Wherever the line with "Miniature World: 33" sits in the listing below, transcribe from it up to and including the line with "Beautiful young woman", exactly, and leave the remaining lines out.

BEGIN Input records

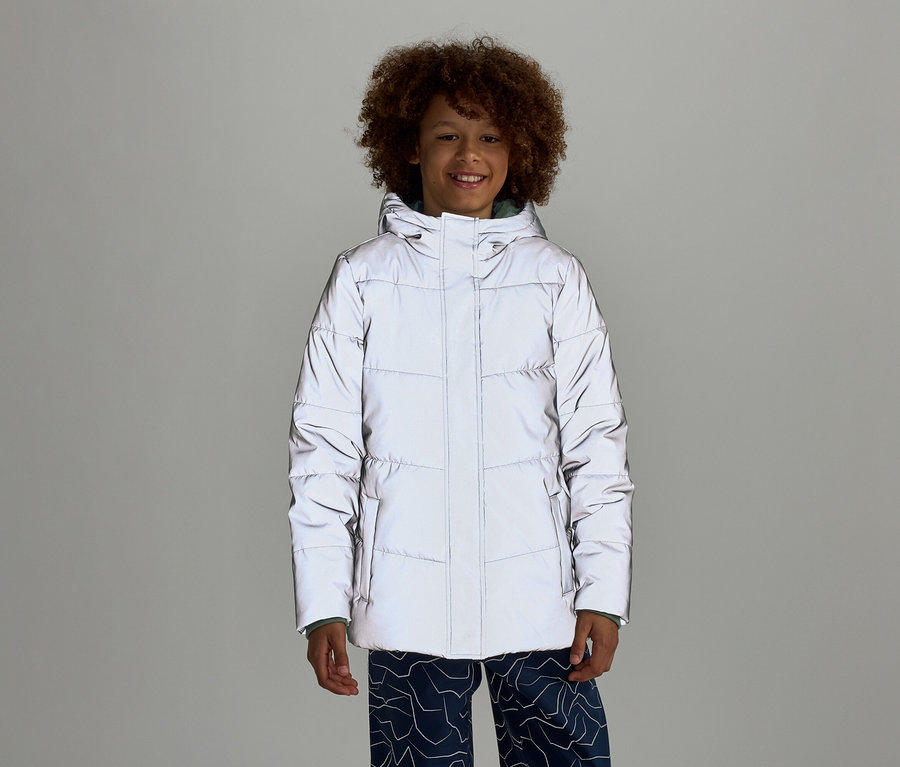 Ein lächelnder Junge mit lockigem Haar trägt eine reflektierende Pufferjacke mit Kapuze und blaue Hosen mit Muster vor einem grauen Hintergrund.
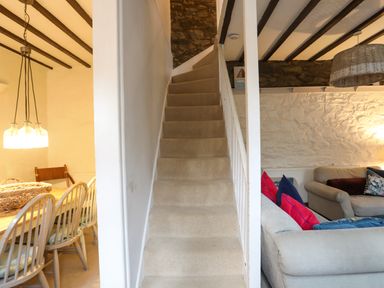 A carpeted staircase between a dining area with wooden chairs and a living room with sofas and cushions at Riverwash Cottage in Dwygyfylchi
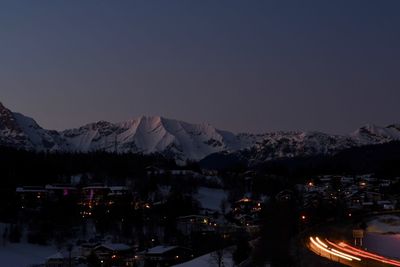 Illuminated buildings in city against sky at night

END Input records
BEGIN Input records

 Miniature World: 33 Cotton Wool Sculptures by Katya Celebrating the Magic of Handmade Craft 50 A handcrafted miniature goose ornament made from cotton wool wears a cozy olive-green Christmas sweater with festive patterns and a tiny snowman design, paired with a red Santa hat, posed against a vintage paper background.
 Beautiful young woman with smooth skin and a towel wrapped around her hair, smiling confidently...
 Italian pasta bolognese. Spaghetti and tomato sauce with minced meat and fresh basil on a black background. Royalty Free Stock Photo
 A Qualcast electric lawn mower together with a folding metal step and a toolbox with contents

END Input records
BEGIN Input records

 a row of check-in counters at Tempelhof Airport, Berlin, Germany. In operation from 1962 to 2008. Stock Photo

END Input records

#### Output of the task:
 Miniature World: 33 Cotton Wool Sculptures by Katya Celebrating the Magic of Handmade Craft 50 A handcrafted miniature goose ornament made from cotton wool wears a cozy olive-green Christmas sweater with festive patterns and a tiny snowman design, paired with a red Santa hat, posed against a vintage paper background.
 Beautiful young woman with smooth skin and a towel wrapped around her hair, smiling confidently...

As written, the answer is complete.